Inductive proof of a binomial series

[lynchu]

Homework Statement

Use mathematical induction and Pascal's Identity to prove:

\binom{n}{0} - \binom{n}{1} + \binom{n}{2} - ... + (-1)^{k}\binom{n}{k} = (-1)^{k}\binom{n-1}{k}

The Attempt at a Solution

First, I guess this means something like:
\sum_{i=0}^{k}(-1)^{i}\binom{n}{i} = (-1)^{k}\binom{n-1}{k}

But after that I'm stumped (as with any inductive proof with sums of binomials)... I can't see how my usual strategy would work. i.e. Figure out what n+1 would contribute to the left hand side, add it to the right side and work my way through algebraically.

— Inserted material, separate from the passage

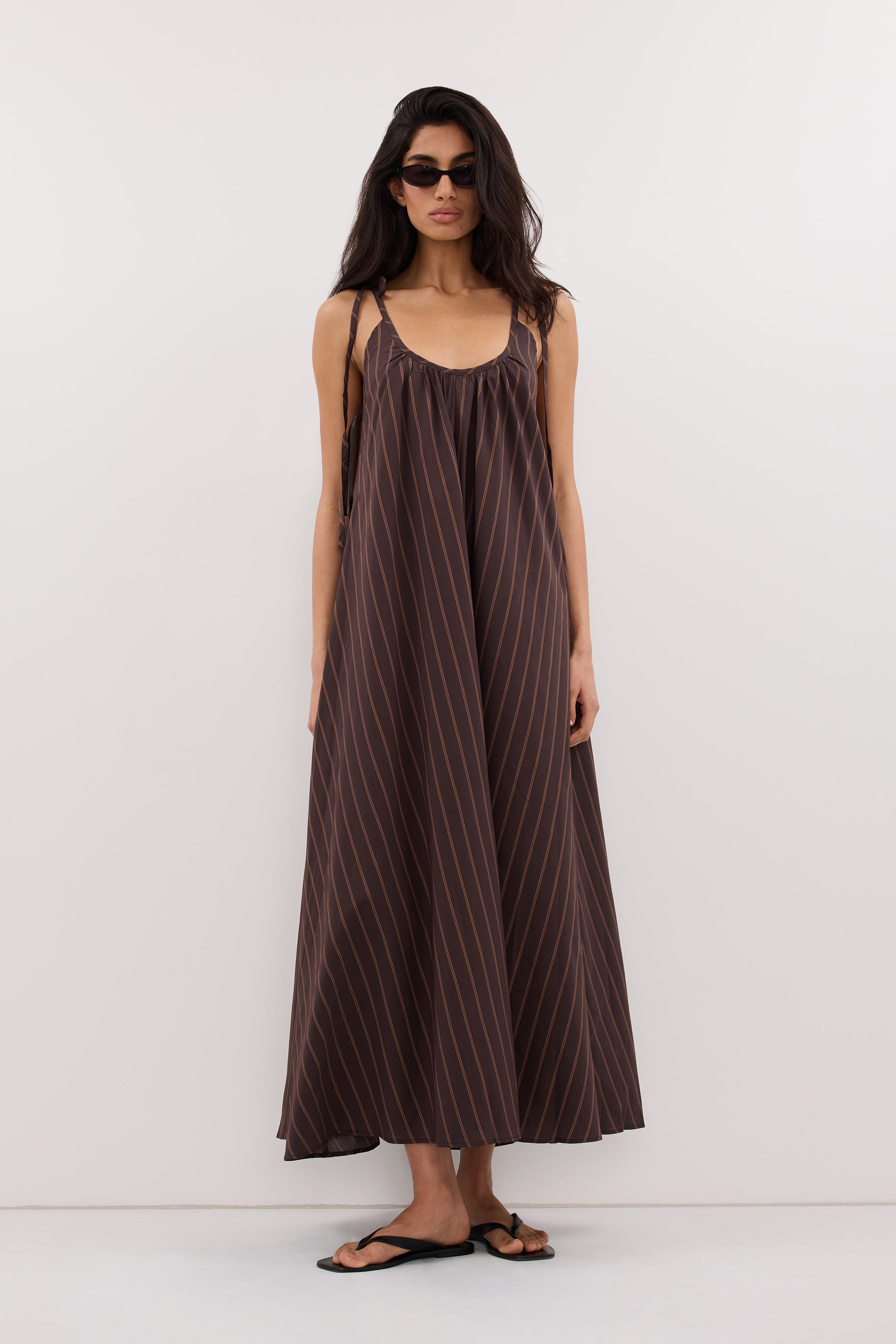 FABLE CHOC STRIPE MIDI DRESS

Help with this would be very appreciated!

 

[HallsofIvy]

Am I missing something? When k= 0 that says
\begin{pmatrix}n \\ 0\end{pmatrix}= (-1)^0\begin{pmatrix}n-1 \\ 0\end{pmatrix}
which is not true, the left side is n and the right n-1.

For k= 1,
\begin{pmatrix}n \\ 0\end{pmatrix}- \begin{pmatrix}n \\ 1\end{pmatrix}= n- (n- 1)= 1
but
(-1)^1\begin{pmatrix}n-1 \\ 1\end{pmatrix}= -(n-2)= 2- n

 

[lynchu]

But \binom{n}{0} = \binom{n-1}{0} = 1

It's the number of 0-element subsets of an n-elements set. Which is 1, because there's only the empty set.

 

[jbunniii]

Well, the problem statement says to use Pascal's identity. What is that identity?

 

[lynchu]

Sorry, forgot to include that. Pascal's Identity is:

\binom{n+1}{k} = \binom{n}{k-1} + \binom{n}{k} for non-negative n's.

 

[jbunniii]

OK, so apply Pascal's identity to the binomial coefficient for each i in the sum:

{n \choose i} = {n - 1 \choose i - 1} + {n - 1 \choose i}

(However, be careful: this doesn't make any sense for i = 0. So you will need to handle that term separately. Similarly, watch out if n = i.)

Then split the sum into two sums. You can apply the inductive hypothesis directly to the sum involving

{n - 1 \choose i}

and you can do the same with the other sum

{n - 1 \choose i - 1}

after a change of variables.

 

[lynchu]

Thanks a bunch.
That's just about what I needed. :)